Because there were so many people, researchers were able to adjust their analysis for a bunch of possible lifestyle and health changes, like a person getting diagnosed with a chronic illness or deciding to start or stop smoking.
However, even a large group like this comes with limitations. Not only were the subjects all health professionals, but the group was overwhelmingly white. The findings, while meaningful, are also just an association; there’s no guarantee that eating healthier causes the decreased mortality rates.
“Although generalizability could be one limitation,” Sotos-Prieto said, “the homogeneity of socioeconomic status in our study may help reduce confounding by such variable.”
Other studies with more diversity in their subject pools have found similar results, she noted.

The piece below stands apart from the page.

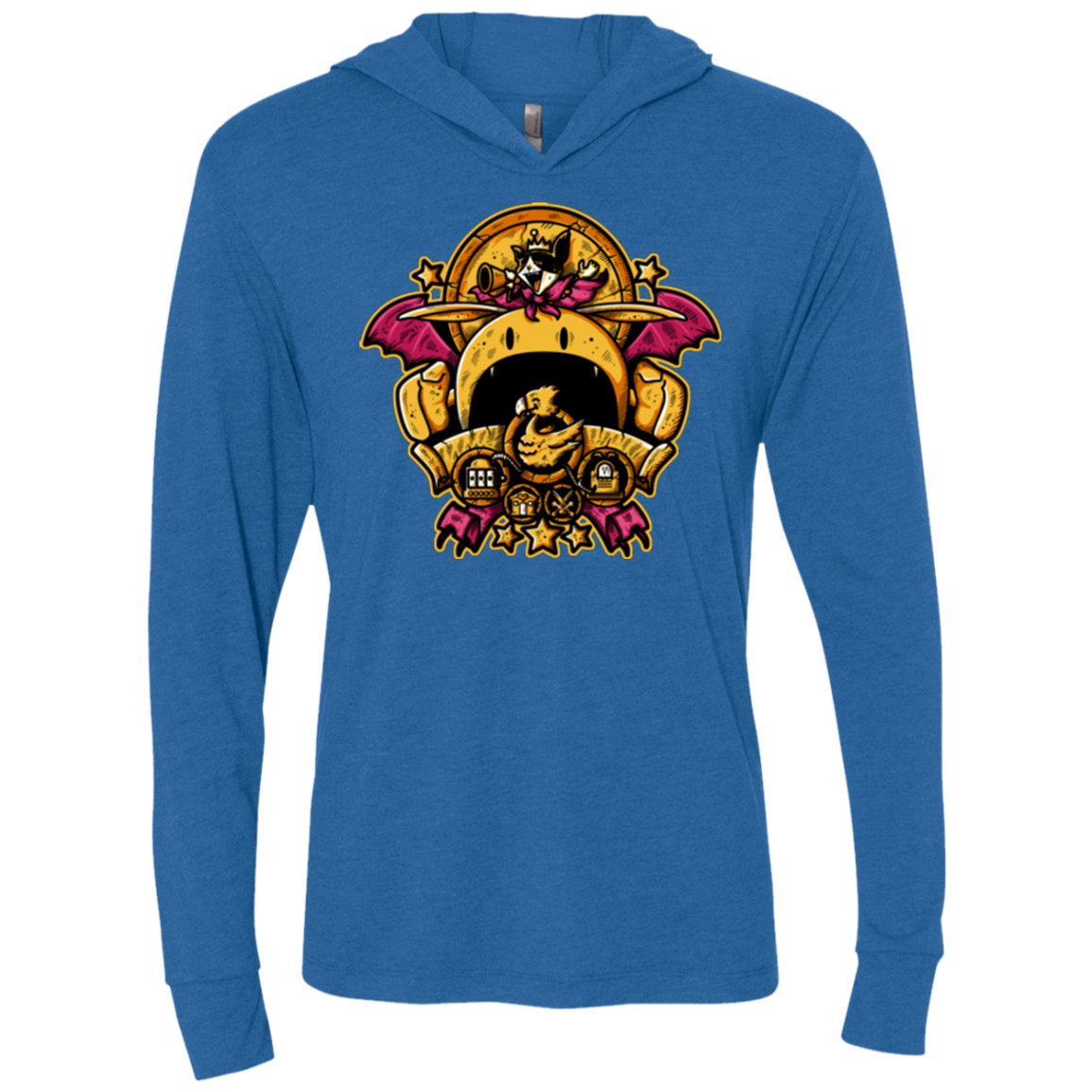 SAUCER CREST Triblend Long Sleeve Hoodie Tee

The cost of healthy eating
Renata Micha, a professor at the Tufts Friedman School of Nutrition Science and Policy who was not involved in the research, echoed Sotos-Prieto. “These findings, though derived by a relatively homogeneous U.S. population, are generally in agreement with what are seeing in other settings and populations,” she said — adding that shifting towards better eating habits might have an even larger impact for people with lower income levels.
However, healthier choices can also be more expensive — one meta-analysis published in 2013 estimated that meals made with healthier options could cost someone up to $1.50 more per day.
“Decreasing the cost of healthy food by means of public health interventions, such as economic incentives (subsidies) in existing major systems such as SNAP in the U.S., would be a vital key step towards that direction,” Micha said.